The Archuleta County population increased by about 14 percent between 2001 and 2011, but the demand for PAWSD water remained about the same. Which, when you think about it, suggests that each average household was using less water in 2011 than they were in 2002, during the drought.
While we were changing our water-wasting ways, PAWSD was also undergoing changes.
In 2001, at the height of water sales in the PAWSD district, our water district collected about $1.1 million in service charges while selling 510 million treated gallons.
In 2010, PAWSD collected about $2.8 million, on sales of 373 million treated gallons.
These numbers come from a spreadsheet provided to the Water Supply Community Work Group in 2011, which you can download here.
According to their 2018 budget, PAWSD collected about $3.5 million in service charges, from customers during 2017 — more that three times what they collected back in 2001. While collecting that generous bounty, PAWSD sold about 327 million gallons of treated water (according to page 5 of the 2018 Drought Management Plan, which you can download here.) That’s 12 percent less water than was sold in 2010.
Maybe it’s no wonder, that the number of gallons sold to a growing number of residents has stayed essentially flat since 2002. We can no longer afford the water that belongs to all of us.
As I look through PAWSD’s 2018 Drought Management Plan, I see no evidence of a similarly dark future for PAWSD customers as the result of our next drought. The Management Plan suggests that the huge price increases that will be instituted by PAWSD — if we ever reach Level 3 or Level 4 — will be merely temporary, and everything will revert back to normal once Mother Nature decides once again to send us the rain and snow to which we’ve become accustomed.

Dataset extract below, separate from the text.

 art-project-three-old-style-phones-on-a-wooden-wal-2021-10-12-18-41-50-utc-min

Can we trust that belief? That the price increases won’t become ‘permanent’?
As we saw back in Part Two, PAWSD has many valuable water rights, owned, in theory, by the residents of the district. If all of those diversion and storage rights were accessible year round, they would equal about 12 times the amount of water that PAWSD currently sells each year.

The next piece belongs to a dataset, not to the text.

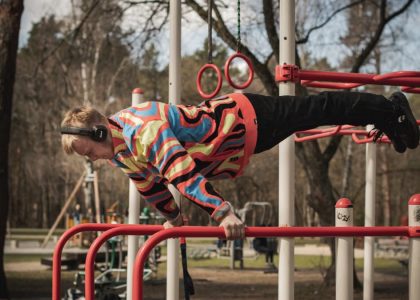 Young adult man exercises on outdoor gym bars in a colorful outfit in Vilnius, Lithuania.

You might say that — in theory — we have no shortage of raw water.
But somewhere between Mother Nature’s gifts from the sky and your water tap, the cost of less water has become higher and higher. Part of that increased price is the result of a decision by a previous PAWSD board to put the district customers $9 million in debt for the purchase of the Dry Gulch reservoir site. Back in 2012, when I was writing about that “zombie reservoir project,” I asked one of the primary researchers from the Water Supply Community Work Group — Bruce Dryburgh — to provide a quote for my article. He responded via email.
“After 18 months of investigation and deliberation, the Water Supply Community Group voted unanimously to recommend to the Board of Directors of PAWSD that Dry Gulch be cancelled and that no more money be expended.
“The continued weak economy and lack of population growth in Archuleta County confirms that the Water Group made the correct decision. Dry Gulch was a bad decision then, and still is.”
Over the last few years, our population growth has picked up slightly, and some folks tell us that the economy has also ‘improved.’ There are many possible ways to calculate the health of a rural economy, and some are better than others. The number of tourist visits, is one way. The amount of taxes collected by the Town and County governments is another way. The unemployment rate is yet another indicator.
If we were to judge by the amount of money PAWSD makes, selling each gallon of water to us — the district customers — we might suggest that the economy is doing fabulously well.